Quem vê o advogado não imagina o seu amor pela cultura punk (Foto: Acervo Pessoal)

Quem vê o advogado, não imagina o seu amor pela cultura punk (Foto: Acervo Pessoal)

Nos anos 1980, João Henrique Andrade percorria as ruas de João Pessoa, na Paraíba, usando calças jeans rasgadas, jaqueta de couro com patches, rebites e frases, além do tradicional tênis converse ou coturno. “Andar com calça rasgada em 1986 tinha dois significados para a maioria da pessoas: você estava pedindo dinheiro ou era maluco. Então era difícil”, admite.

Integrante do movimento punk de João Pessoa, João Henrique, que começou a trabalhar com 13 anos, sempre marcava presença no Gueto, um lugar conhecido como o submundo da noitada punk. No local eram realizados muitos shows, discussões e estudos sobre anarquismo e ações do Grupo de Ação Libertária (GAL), aliado da Confederação Operária Brasileira (COB). Participante das panfletagens, Andrade era o vocalista e guitarrista da banda Mercenários da Anarquia (M.E.R.D.A.) que chegou a compor mais de 30 músicas até o final da década de 1980.

Naquele tempo, os eventos de punk-rock também chegavam ao centro, levando uma legião de anarquistas para o Teatro Lima Penante. “O público sempre lotava as festas punks em que tocávamos, até porque era um estilo de vida. Só não chegamos a gravar nada porque na época era muito caro e não tínhamos acesso a nenhum estúdio, uma realidade bem diferente da atual”, explica João Henrique, lembrando que a tecnologia era precária e os instrumentos musicais de boa qualidade eram praticamente inacessíveis.

Antes de formar a primeira banda, Andrade começou a fazer aulas de violão clássico. Entediado, agitado e motivado pelos ideais de contestação que conquistavam os jovens da época, decidiu comprar uma guitarra. “Eu queria fazer barulho. Então montei a M.E.R.D.A. em 1986 e escrevemos as canções ‘Ônibus” e ‘A Balada do Vagabundo’. Entendíamos pouca coisa de música, mas o nosso estilo não exigia mais que três ou quatro notas e uma boa batida. Era coisa simples e que ajudava a dar voz para as insatisfações da época”, enfatiza.

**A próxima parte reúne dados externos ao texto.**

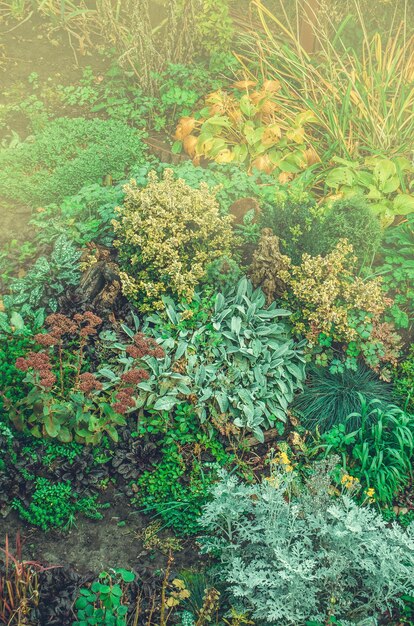 Projekt krajobrazu ogrodu Żółty, pomarańczowy i czerwony jesienny ogród Kolorowe kwietniki w jesiennym ogrodzie Skalny ogród z kwiatami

Amigo de Williard Fragoso, realizador do programa Jardim Elétrico, transmitido pela Rádio Universitária de João Pessoa, João Henrique conta que a programação era baseada em muito rock e também na divulgação das atividades e eventos do movimento punk. “O Jardim Elétrico deu a oportunidade para que muita gente conhecesse os grandes clássicos do gênero. Também estimulava e ajudava as bandas locais”, garante.

Com a camiseta dos Ramones, uma das bandas preferidas desde os anos 1980 (Foto: Acervo Pessoal)

Com a camiseta dos Ramones, uma das bandas preferidas desde os anos 1980 (Foto: Acervo Pessoal)

Quem levava informações e novidades sobre o que acontecia no cenário punk mundial eram os membros da banda Restos Mortais que viajavam com frequência para São Paulo. Outro destaque da época era a banda Disunidos que realizou três edições do show “União de Forças”. “A cena não vingou muito porque era difícil articular o movimento. Só que tínhamos muitos fanzines [revistas pequenas feitas pelos próprios fãs] e aquela coisa boa da sujeira, do selvagem, do bruto. Isso era legal! Lembro até hoje de Urubus Leprosos, uma banda que o pessoal curtia muito em João Pessoa. Eram punks que faziam releituras de músicas de Reginaldo Rossi, Odair José, entre outros”, relata.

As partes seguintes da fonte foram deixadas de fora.